-------- Data section

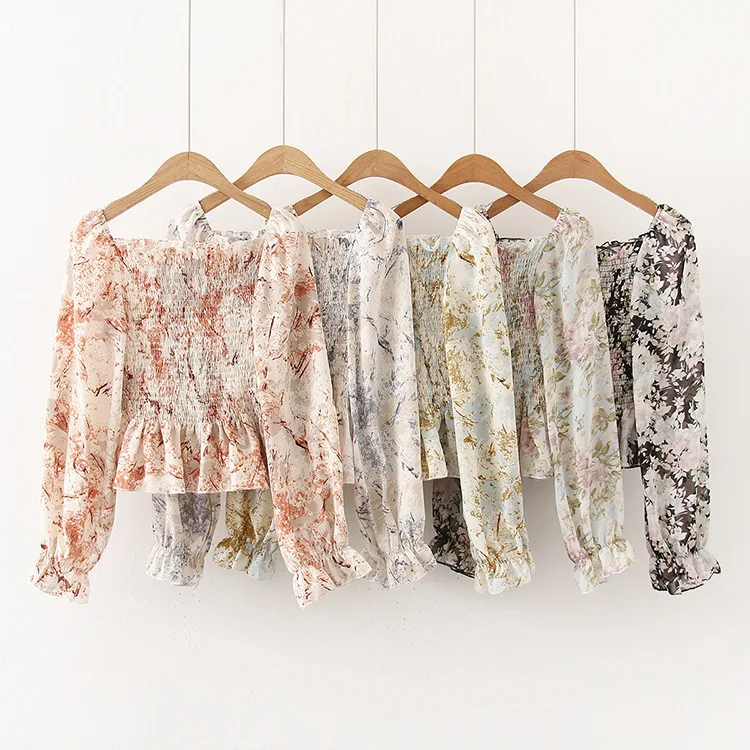

2021 Coldker New Summer Floral Printing Chiffon Cropped Tops France Style Ladies Slim Blouse Long Sleeve Casual Shirt, Picture color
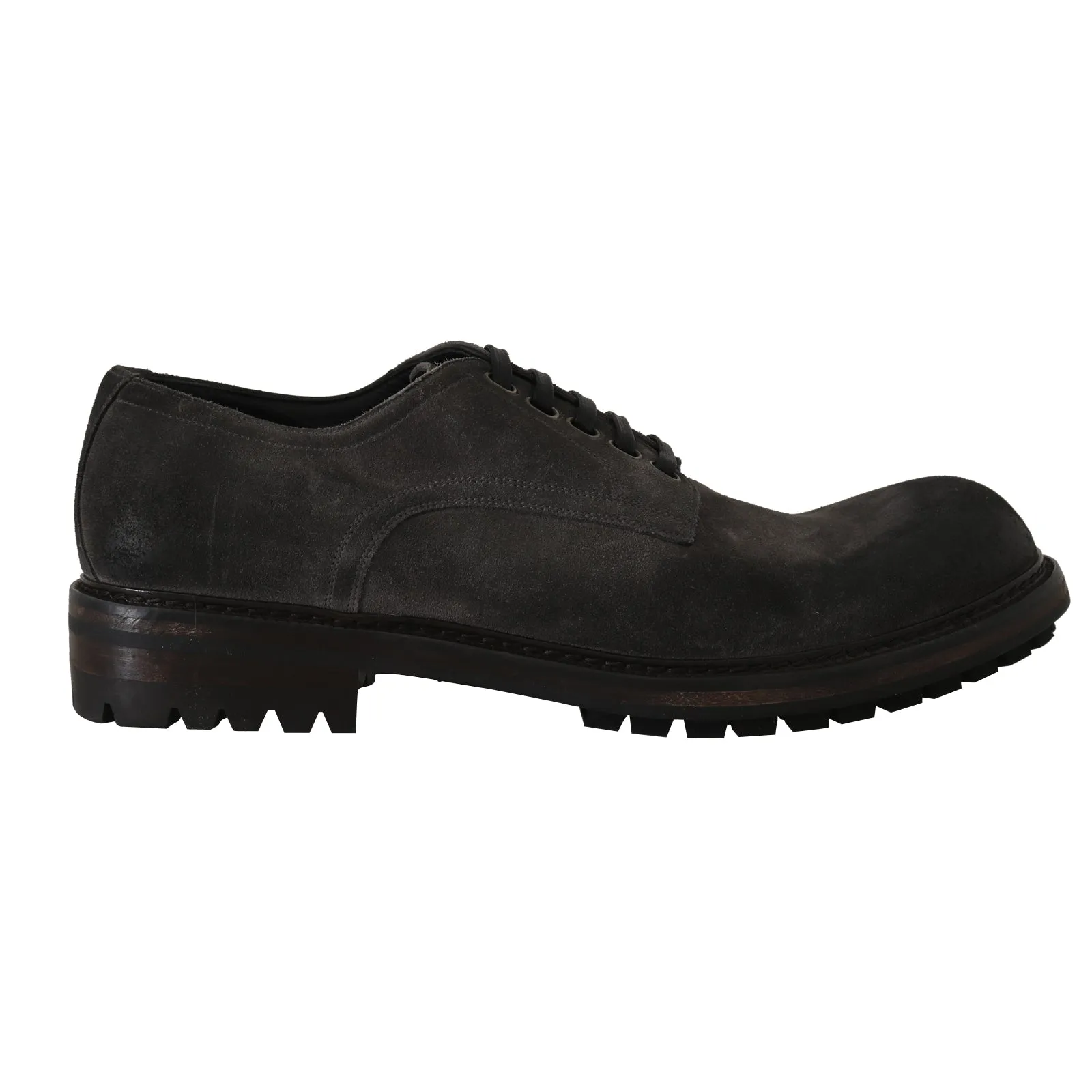 Gray Leather Laceups Derby Laceups Shoes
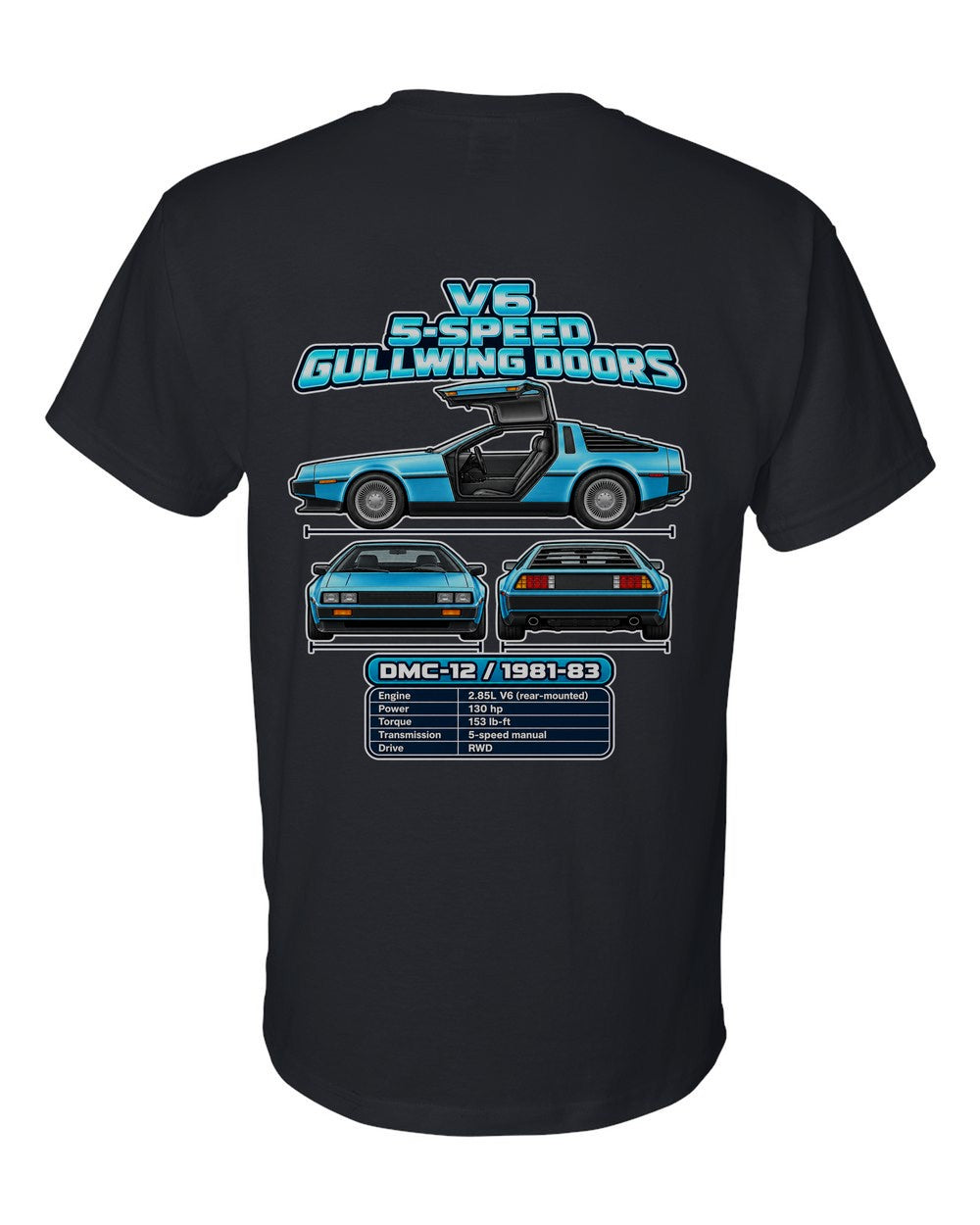 Delorean Dmc 12 spec sheet black t-shirt back view with the design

----------------

* Assigned task *
Where the line containing "Gray Leather Laceups Derby Laceups Shoes" appears, begin writing out the lines exactly, and continue through the end of the material above, omitting pictures.

* Result *
 Gray Leather Laceups Derby Laceups Shoes
 Delorean Dmc 12 spec sheet black t-shirt back view with the design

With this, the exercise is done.